This task calls for copying every line of the records that includes the word "docx".

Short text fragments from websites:
_____

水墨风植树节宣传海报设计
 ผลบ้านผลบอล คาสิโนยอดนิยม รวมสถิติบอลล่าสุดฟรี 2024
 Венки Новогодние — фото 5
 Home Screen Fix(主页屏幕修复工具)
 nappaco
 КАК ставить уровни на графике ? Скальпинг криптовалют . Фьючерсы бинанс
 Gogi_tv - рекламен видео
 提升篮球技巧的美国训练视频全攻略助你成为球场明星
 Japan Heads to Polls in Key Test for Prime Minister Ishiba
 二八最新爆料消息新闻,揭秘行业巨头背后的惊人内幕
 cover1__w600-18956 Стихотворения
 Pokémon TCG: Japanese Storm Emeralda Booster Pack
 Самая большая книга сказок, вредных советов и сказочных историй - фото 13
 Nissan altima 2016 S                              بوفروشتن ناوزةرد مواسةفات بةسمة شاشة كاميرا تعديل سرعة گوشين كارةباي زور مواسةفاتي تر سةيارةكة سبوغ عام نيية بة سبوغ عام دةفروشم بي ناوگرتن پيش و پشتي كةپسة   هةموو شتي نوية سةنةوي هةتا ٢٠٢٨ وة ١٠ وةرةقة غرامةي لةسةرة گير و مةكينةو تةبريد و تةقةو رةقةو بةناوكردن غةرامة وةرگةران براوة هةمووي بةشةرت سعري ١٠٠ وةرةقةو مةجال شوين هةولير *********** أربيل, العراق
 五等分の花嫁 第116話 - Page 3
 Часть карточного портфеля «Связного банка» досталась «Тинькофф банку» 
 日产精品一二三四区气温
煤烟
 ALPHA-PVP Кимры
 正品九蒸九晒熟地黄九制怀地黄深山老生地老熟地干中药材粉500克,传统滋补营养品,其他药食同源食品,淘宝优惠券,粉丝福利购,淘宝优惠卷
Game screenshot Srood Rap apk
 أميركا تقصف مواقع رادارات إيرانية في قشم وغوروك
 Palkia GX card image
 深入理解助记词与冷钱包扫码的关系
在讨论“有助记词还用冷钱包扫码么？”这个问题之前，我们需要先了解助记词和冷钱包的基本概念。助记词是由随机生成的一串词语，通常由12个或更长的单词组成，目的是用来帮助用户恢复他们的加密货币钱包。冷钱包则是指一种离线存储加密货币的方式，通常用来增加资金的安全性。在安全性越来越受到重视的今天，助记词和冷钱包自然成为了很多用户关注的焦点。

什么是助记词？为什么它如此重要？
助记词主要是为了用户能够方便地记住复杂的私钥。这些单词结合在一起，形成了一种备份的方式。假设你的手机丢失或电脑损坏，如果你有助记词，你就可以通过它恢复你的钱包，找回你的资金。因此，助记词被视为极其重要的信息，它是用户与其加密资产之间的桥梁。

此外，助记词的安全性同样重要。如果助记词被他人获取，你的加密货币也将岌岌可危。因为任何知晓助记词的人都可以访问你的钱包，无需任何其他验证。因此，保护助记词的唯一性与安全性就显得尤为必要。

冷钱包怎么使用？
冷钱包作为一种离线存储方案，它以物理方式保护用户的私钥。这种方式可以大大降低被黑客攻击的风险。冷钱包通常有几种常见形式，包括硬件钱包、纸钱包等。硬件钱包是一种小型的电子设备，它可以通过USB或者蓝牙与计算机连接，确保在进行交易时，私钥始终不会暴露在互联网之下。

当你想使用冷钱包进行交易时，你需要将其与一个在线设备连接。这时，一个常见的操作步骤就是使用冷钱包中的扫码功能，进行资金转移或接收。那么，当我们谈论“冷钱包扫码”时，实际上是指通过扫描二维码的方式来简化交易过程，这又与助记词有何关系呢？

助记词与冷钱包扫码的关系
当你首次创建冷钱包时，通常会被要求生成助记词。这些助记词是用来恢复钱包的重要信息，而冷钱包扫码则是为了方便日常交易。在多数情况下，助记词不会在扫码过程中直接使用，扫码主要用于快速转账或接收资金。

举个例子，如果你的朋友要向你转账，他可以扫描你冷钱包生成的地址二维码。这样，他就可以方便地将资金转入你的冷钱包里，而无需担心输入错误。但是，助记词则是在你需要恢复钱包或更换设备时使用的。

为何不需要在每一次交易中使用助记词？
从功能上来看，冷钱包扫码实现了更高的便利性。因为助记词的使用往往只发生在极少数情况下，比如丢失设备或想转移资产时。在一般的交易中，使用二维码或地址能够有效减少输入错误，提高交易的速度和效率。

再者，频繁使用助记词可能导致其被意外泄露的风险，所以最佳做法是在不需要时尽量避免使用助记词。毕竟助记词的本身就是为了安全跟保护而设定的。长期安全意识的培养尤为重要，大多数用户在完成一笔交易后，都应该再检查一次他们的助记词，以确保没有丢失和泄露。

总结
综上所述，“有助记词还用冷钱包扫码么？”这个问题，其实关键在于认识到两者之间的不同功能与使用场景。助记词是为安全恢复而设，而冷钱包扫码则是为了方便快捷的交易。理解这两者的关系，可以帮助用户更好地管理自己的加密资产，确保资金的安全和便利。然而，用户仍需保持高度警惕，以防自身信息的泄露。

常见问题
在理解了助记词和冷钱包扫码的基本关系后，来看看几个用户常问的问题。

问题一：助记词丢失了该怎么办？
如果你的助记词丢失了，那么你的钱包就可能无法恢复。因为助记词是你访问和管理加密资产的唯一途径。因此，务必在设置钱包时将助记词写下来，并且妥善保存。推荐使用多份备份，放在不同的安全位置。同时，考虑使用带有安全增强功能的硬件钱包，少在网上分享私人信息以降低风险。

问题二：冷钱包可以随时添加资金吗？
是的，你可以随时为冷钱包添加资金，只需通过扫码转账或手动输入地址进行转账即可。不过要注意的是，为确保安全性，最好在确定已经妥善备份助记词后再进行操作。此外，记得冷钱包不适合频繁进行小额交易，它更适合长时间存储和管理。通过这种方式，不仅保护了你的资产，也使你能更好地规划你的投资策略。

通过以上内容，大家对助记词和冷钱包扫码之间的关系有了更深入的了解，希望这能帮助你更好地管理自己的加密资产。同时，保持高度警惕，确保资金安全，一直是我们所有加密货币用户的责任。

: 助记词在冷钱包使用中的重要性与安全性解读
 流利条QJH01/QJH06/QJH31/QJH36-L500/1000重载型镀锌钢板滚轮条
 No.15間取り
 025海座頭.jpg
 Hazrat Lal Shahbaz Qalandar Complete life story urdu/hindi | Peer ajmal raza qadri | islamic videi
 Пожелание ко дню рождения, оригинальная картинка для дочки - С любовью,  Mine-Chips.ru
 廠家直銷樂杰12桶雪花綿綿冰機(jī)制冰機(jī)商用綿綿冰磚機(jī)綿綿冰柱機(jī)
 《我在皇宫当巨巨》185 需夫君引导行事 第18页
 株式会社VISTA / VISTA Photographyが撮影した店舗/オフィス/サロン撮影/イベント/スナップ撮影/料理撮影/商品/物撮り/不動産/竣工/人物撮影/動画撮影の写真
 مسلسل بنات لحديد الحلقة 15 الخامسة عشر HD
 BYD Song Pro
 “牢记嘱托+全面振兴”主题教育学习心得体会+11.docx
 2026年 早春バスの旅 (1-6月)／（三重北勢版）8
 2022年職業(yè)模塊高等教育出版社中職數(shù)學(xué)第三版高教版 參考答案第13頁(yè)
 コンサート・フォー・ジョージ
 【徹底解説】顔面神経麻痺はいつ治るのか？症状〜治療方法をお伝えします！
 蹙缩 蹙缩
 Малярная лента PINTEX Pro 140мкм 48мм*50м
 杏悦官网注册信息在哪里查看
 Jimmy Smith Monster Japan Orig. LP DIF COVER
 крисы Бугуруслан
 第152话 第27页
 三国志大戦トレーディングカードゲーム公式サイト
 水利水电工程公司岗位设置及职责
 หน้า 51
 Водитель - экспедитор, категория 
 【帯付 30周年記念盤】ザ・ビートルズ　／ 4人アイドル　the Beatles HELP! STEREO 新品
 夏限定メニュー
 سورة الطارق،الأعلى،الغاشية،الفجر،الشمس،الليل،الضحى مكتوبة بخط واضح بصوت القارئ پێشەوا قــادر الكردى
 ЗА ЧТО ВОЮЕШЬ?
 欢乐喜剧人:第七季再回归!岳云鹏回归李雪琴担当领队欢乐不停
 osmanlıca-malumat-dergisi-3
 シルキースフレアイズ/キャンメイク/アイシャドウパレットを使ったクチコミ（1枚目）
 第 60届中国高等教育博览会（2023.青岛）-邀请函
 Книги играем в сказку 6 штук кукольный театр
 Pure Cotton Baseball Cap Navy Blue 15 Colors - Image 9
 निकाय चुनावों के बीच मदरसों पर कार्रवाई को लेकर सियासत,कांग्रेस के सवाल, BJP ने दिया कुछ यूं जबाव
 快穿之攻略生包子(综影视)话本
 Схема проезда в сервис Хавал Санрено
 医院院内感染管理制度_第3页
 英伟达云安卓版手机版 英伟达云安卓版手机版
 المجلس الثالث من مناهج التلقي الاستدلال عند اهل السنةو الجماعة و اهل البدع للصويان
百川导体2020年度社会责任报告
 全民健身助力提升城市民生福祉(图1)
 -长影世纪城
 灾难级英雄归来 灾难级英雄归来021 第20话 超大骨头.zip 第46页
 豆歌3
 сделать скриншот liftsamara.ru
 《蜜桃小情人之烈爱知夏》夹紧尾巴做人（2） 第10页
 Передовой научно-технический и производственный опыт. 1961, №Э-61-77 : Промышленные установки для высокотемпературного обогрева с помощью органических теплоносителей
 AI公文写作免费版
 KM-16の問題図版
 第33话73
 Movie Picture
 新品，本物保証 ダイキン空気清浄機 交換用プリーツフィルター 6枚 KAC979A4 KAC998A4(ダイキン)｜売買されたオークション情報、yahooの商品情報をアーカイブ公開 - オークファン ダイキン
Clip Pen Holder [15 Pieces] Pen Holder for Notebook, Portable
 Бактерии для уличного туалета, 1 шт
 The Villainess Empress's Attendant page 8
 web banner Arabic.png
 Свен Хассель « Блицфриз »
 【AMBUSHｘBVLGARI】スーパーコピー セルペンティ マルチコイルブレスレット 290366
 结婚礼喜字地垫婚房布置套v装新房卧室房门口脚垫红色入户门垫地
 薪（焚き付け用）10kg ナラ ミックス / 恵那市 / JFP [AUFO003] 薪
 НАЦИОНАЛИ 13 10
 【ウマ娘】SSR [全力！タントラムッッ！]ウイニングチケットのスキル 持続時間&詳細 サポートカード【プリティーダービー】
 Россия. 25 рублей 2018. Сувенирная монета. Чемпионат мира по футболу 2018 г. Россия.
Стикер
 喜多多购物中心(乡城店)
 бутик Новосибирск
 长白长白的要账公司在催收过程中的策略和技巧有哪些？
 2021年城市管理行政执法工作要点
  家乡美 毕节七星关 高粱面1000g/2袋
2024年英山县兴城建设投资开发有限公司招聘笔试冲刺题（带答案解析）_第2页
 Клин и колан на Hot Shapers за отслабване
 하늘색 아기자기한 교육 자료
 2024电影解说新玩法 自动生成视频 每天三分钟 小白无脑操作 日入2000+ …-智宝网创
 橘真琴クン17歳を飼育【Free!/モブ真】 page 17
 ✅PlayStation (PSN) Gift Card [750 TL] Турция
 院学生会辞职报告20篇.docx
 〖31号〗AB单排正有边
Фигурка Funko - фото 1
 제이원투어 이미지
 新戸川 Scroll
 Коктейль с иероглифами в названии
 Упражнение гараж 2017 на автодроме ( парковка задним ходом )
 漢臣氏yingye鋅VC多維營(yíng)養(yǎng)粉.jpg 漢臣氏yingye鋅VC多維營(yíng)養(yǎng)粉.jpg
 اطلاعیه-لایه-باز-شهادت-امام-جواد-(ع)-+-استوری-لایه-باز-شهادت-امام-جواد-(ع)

_____

§ PROBLEM SOLUTION
 “牢记嘱托+全面振兴”主题教育学习心得体会+11.docx
 院学生会辞职报告20篇.docx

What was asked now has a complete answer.